• DailyBytes

3 BUMN ini akan Melawan IndiHome

Jasa Marga, Perusahaan Gas Negara, dan PLN membuat bisnis internet untuk melawan IndiHome.


Penyedia Layanan Internet
Penyedia Layanan Internet, Source: GNFI

Sejumlah Badan Usaha Milik Negara (BUMN) berlomba-lomba menjadi penyedia layanan internet belakangan ini. Hal ini karena pandemi telah memaksa hampir semua aktivitas, mulai dari belajar hingga bekerja, menggunakan internet. Jasa Marga, Perusahaan Gas Negara, dan PLN menciptakan layanan internet sendiri untuk memasuki pasar yang dipimpin oleh IndiHome.


Jasa Marga:

Jasa Marga mendirikan anak perusahaan yang diberi nama Jasa Marga Related Business (JMRB). Anak perusahaan pengelola jalan tol ini nantinya akan menyediakan infrastruktur backbone fiber optic yang dapat menjadi alternatif layanan bagi ISP (penyedia layanan internet) mengingat Jasa Marga saat ini memiliki infrastruktur jalan tol terpanjang yang membentang di pulau Jawa.
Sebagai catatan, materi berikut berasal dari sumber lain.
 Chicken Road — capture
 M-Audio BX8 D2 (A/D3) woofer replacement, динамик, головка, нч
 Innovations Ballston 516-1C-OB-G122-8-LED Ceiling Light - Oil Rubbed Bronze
JRMB memilih ISP karena hanya beberapa layanan ISP di Indonesia yang memiliki infrastruktur jaringan sendiri. Dengan demikian, perusahaan ini tidak akan bersaing dengan perusahaan milik negara lain dengan bisnis inti telekomunikasi. JRMB nantinya akan menyediakan jaringan backbone fiber optic di area jalan tol yang dikelola Jasa Marga.


Perusahaan Gas Negara:

Perusahaan gas milik negara ini mendirikan Telemedia Dinamika Sarana yang telah meluncurkan Gasnet yang hanya melayani wilayah Batam, Bekas dan Jakarta. Masih tergolong baru, sehingga ketersediaan layanan juga masih sangat terbatas ddan hanya tersedia di lokasi tertentu. Dalam situs resminya disebutkan bahwa Gasnet menyediakan layanan internet untuk retail dan korporasi.


PLN:

Dari semua BUMN yang baru masuk bisnis ini. Anak perusahaan PLN, Indonesia Comnets Plus (ICON+) yang paling menjanjikan. ICON+ menyediakan produk layanan internet broadband berbasis jaringan fiber optik bernama Iconnet yang bersaing dengan Indihome, Biznet, dan lainnya.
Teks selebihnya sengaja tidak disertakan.